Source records
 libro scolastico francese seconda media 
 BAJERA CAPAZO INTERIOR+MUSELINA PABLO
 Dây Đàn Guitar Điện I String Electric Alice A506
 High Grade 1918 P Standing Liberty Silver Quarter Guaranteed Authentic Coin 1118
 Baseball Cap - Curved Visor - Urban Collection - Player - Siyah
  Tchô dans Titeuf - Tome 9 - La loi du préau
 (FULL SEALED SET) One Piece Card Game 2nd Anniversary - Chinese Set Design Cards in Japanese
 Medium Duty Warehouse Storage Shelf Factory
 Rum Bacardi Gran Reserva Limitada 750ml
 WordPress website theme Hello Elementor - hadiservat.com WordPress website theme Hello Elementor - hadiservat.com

§ THE TASK
The complete data above is to be written out again as it stands.

§ COMPLETED EXERCISE
 libro scolastico francese seconda media 
 BAJERA CAPAZO INTERIOR+MUSELINA PABLO
 Dây Đàn Guitar Điện I String Electric Alice A506
 High Grade 1918 P Standing Liberty Silver Quarter Guaranteed Authentic Coin 1118
 Baseball Cap - Curved Visor - Urban Collection - Player - Siyah
  Tchô dans Titeuf - Tome 9 - La loi du préau
 (FULL SEALED SET) One Piece Card Game 2nd Anniversary - Chinese Set Design Cards in Japanese
 Medium Duty Warehouse Storage Shelf Factory
 Rum Bacardi Gran Reserva Limitada 750ml
 WordPress website theme Hello Elementor - hadiservat.com WordPress website theme Hello Elementor - hadiservat.com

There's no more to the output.